Por eso yo no lloré con Patria. Y, a pesar de todo lo dicho, me gusta ver a la gente leyéndola en el autobús.
Pero volviendo a mis lecturas infantiles -y por tanto a Julio Verne y a su capacidad premonitoria-, nunca entenderé esa suerte de literatura preadolescente que tanto se lleva ahora y que –a los datos me remito- si para algo ha demostrado no ser útil es para generar lectores adultos. Más nos valdría dejar al alcance de los niños personajes como Impey Barbicane, Emma Woodhouse o Robinson Crusoe – o Amy Dorrit, o Jo March, o Gregorio Samsa, o…- y esperar a ver qué pasa.

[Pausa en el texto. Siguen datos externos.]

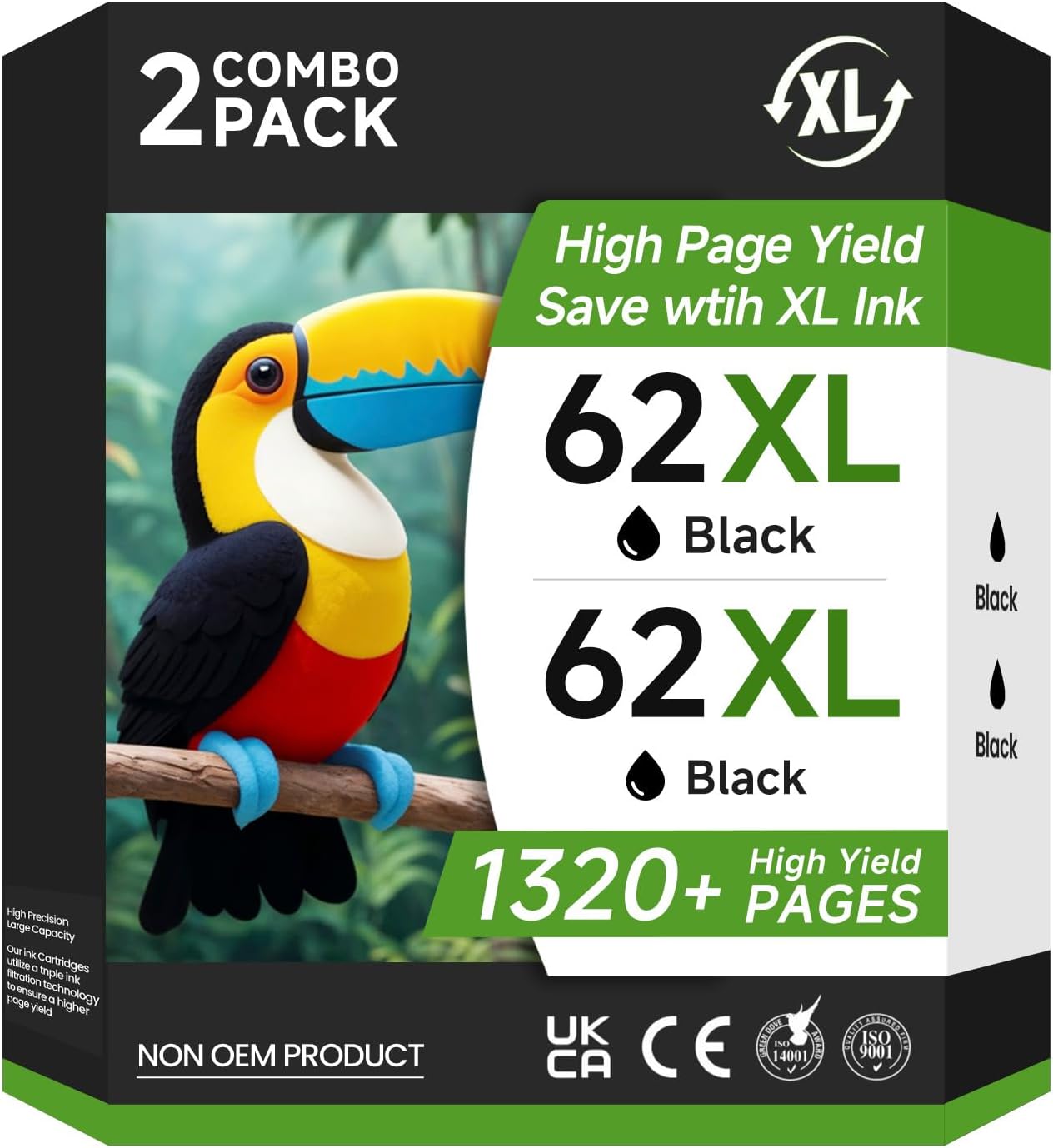 62XL Ink Cartridges Black High Yield Replacement for HP 62 Ink 62XL Ink for HP Envy 7640 7645 5540 5549 5640 5660 for OfficeJet Mobile 250 200 for OfficeJet 5740 5741 8040 Printer (2 Black)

Y es que, visto que el sistema no parece funcionar, bien podríamos intentar ese pequeño experimento.
En una noche de insomnio, por un dolor intenso en la rodilla derecha, he «aterrizado», de nuevo, en El Club de los Domingos.
Después de varias semanas de hacerte el salto, por necesidades del guión, -estoy haciendo obras y eso ya sabes que conlleva-, he podido recuperar el placer de leeerte. Y es que, «Ese pequeño experimento» es GRANDE, GRANDE, GRANDE …
Francesca, NO es que el sistema no parece funcionar. Es que NO funciona. Sería un acto de sensatez, intentar «Ese pequeño experimento».
No te preocupes por lo de hacerme el salto ¡yo soy la primera que lo he hecho, en mi caso no hay excusa que valga, excepto la falta de tiempo y el haber dedicado el poco que tenía a lo que más me gusta: leer :-). Me alegra ver que eres de los míos ¡eso de la literatura para adolescentes no sé a quién se le ocurrió, pero es todo menos un camino hacia la pasión lectora.
Gracias por tu visita Josep… ¡vuelve! (aunque yo sea una impresentable que tarda en contestar ;-D).